SAN MATEO (03/27/2000) - As data centers begin to spring up around the country in anticipation of growth in outsourcing, the availability of electrical power to the new centers is raising some concern.

Businesses typically do not need to consider electricity in IT buying decisions, but experts in the utility industry agree on the importance of site location for delivering reliable power to data centers.

Garry Bye, CEO of East Central Energy, a distribution cooperative in Braham, Minn., said if a 10-megawatt center was located in his region, the company would find a way to deliver power. He did note, however, that proximity to a major transmission and generation facility is a key to dependable power.

"In different parts of the country it would be difficult to do it," Bye said.

An executive at Northwest Iowa Power Consortium is even more outspoken in assessing the country's electrical grid.

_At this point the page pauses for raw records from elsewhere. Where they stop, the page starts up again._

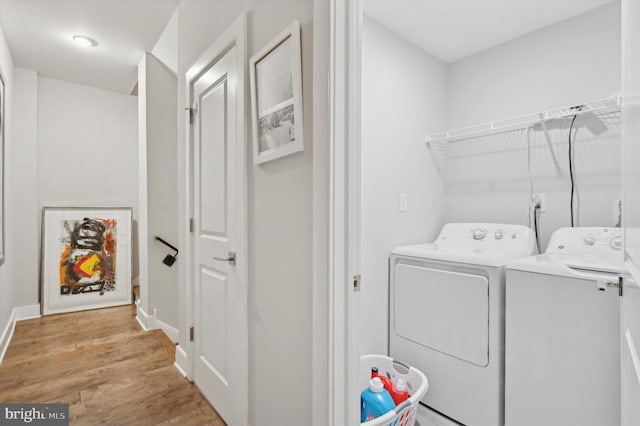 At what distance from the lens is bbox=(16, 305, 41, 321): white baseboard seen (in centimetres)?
326

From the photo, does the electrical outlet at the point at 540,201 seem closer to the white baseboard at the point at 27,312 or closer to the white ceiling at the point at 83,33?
the white ceiling at the point at 83,33

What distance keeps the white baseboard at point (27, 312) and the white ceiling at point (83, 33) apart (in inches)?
95.6

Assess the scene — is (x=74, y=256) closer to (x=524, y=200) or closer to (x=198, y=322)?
(x=198, y=322)

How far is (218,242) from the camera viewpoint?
177 cm

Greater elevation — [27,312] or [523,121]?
[523,121]

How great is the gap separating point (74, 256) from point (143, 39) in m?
2.39

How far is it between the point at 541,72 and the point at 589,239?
1175 mm

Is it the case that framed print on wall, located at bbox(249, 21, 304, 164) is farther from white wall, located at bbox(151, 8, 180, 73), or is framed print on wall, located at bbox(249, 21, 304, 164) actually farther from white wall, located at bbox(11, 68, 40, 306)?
white wall, located at bbox(11, 68, 40, 306)

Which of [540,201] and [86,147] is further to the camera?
[86,147]

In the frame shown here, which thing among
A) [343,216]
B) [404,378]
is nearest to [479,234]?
[404,378]

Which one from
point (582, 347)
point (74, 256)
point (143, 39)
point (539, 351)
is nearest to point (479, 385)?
point (539, 351)

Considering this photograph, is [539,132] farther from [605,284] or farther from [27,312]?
[27,312]

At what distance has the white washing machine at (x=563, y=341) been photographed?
1.33 m

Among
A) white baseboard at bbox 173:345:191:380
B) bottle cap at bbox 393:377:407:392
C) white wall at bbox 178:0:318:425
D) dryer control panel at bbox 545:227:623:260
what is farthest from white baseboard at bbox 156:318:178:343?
dryer control panel at bbox 545:227:623:260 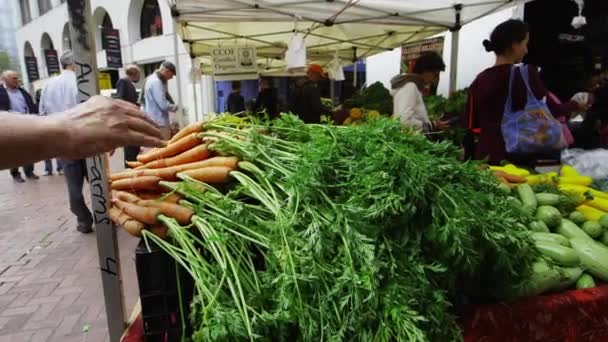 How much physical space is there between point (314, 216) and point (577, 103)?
318cm

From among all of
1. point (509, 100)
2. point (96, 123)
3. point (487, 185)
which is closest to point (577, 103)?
point (509, 100)

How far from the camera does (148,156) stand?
222 cm

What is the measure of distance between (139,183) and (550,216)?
225 cm

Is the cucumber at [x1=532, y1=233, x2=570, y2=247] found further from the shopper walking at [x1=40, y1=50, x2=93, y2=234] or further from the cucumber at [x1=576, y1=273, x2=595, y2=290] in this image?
the shopper walking at [x1=40, y1=50, x2=93, y2=234]

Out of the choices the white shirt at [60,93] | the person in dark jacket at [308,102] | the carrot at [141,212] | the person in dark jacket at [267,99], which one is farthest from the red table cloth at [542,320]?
the person in dark jacket at [267,99]

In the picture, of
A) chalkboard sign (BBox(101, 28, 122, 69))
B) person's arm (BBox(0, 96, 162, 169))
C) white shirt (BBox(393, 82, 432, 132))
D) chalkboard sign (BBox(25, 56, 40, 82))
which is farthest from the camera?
chalkboard sign (BBox(25, 56, 40, 82))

"The grid is maxed out right now," said Stephen Brevig, CEO at Northwest Iowa.

Brevig also said that data centers would not want to locate in areas with "bottlenecks" that restrict transmission.

Moreover, some industry observers contend that impending industry deregulation has made utilities, which may break up into separate businesses, hold back on upgrading the grid's capacity. "There is not a lot of incentive to expand their grid," Brevig said.

As a result, issues surrounding the physical location of data centers are beginning to appear on the radar screen of both hosts and customers.

Intel, for example, plans to build 10 new data centers worldwide this year alone.

"When a data center is fully up and running, it uses a lot of power and generates a lot of network traffic," says Rob Karmele, marketing director at Intel Online Services, in Santa Clara, Calif. "There are a lot of issues with respect to power and network, so some sophistication is needed."

Interacct, an ASP (application service provider) providing Web-based accounting services for midrange companies, made location a primary consideration when choosing a data center.

"We spent months researching this. We settled for a lot of reasons for having something close at least initially," said David Thomas, CEO at Interacct in Los Gatos, Calif. Interacct only allows its own people into its "vault" room.

Avoiding any single point of failure for whatever reason appears to be the key for most companies.

"You should never be in the case where your entire network has a single point of failure," said Lu M. Crdova, at Acteva in San Francisco. "You want a distributed network and redundancy."

Despite the irrelevance of geography in many outsourcing cases, the customers are demanding proximity.

"It provides a comfort level for the customers. It actually doesn't matter, but psychologically it is more comforting to have the data in your region and that [way], the support staff would be more sensitive to local needs," said Amy Mizoras, an analyst at International Data Corp., in Framingham, Mass.